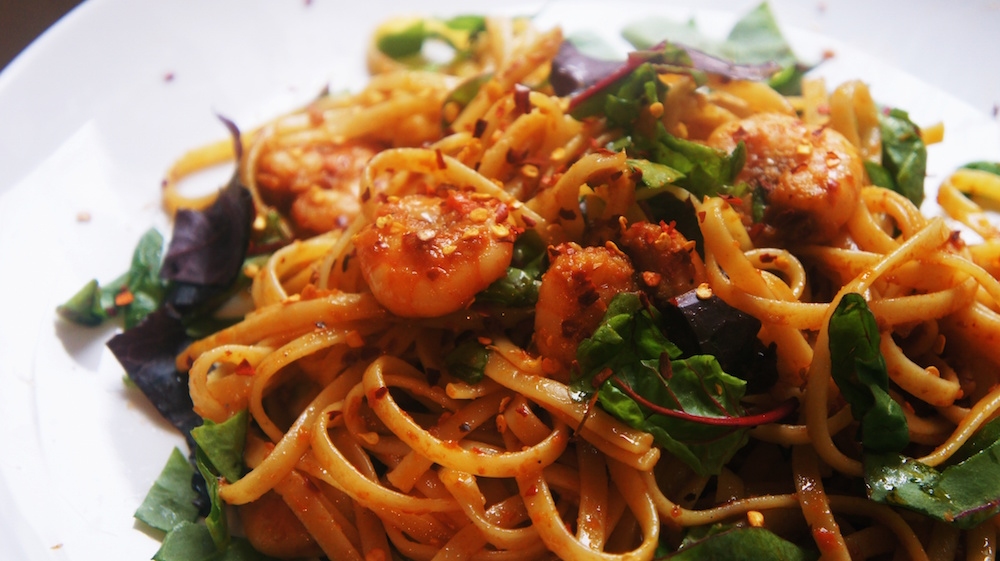 Receita de Linguine com Camarão do Jamie Oliver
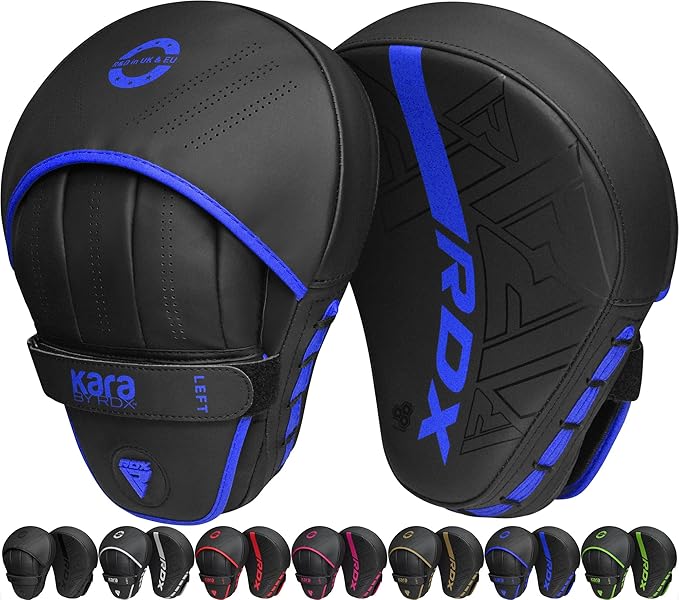 RDX Boxing Pads Curved Focus Mitts, Maya Hide Leather Kara Hook and jab Training Pads, Adjustable Strap Ventilated, MMA Muay Thai Kickboxing Coaching Martial Arts Punching Hand Target Strike Shield-StrideForce Fitness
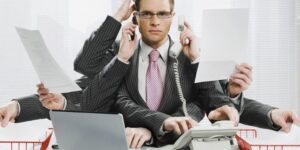 modern parents multitasking with technology and children at home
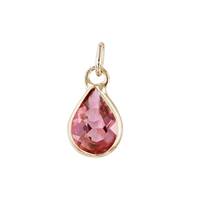 14K Pink Tourmaline Pear Shape Bezel Set Charm October Birthstone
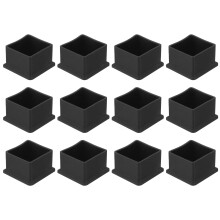 sourcing map 12Pcs PVC Square Chair Leg Caps, 38mm x 38mm OD Black Furniture Feet Pads Table Foot Cover Caps Floor Protectors for Patio Table Cabinet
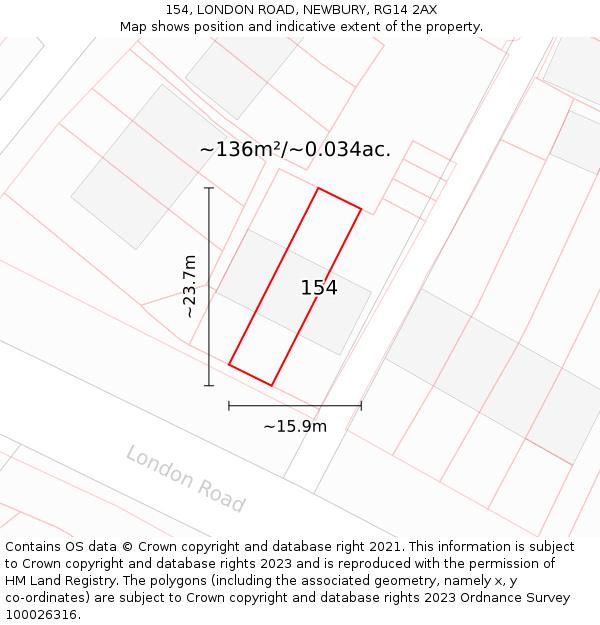 154, LONDON ROAD, NEWBURY, RG14 2AX: Plot and title map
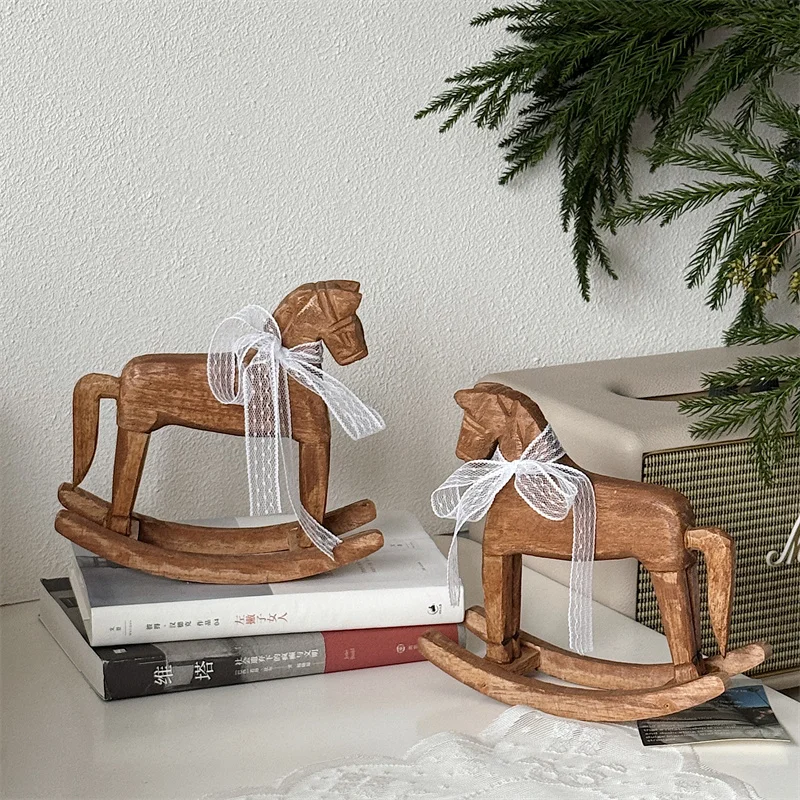 Silk Ribbon Rocking Horse Ornament Hobbyhorse Wooden Hand-carved Decorative Figurines Home Decoration Handicrafts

◇ ◇ ◇ ◇

What the exercise asks: Exclude the pictures and transcribe all of the entries exactly.

Response area:
 Receita de Linguine com Camarão do Jamie Oliver
 RDX Boxing Pads Curved Focus Mitts, Maya Hide Leather Kara Hook and jab Training Pads, Adjustable Strap Ventilated, MMA Muay Thai Kickboxing Coaching Martial Arts Punching Hand Target Strike Shield-StrideForce Fitness
 modern parents multitasking with technology and children at home
 14K Pink Tourmaline Pear Shape Bezel Set Charm October Birthstone
 sourcing map 12Pcs PVC Square Chair Leg Caps, 38mm x 38mm OD Black Furniture Feet Pads Table Foot Cover Caps Floor Protectors for Patio Table Cabinet
 154, LONDON ROAD, NEWBURY, RG14 2AX: Plot and title map
 Silk Ribbon Rocking Horse Ornament Hobbyhorse Wooden Hand-carved Decorative Figurines Home Decoration Handicrafts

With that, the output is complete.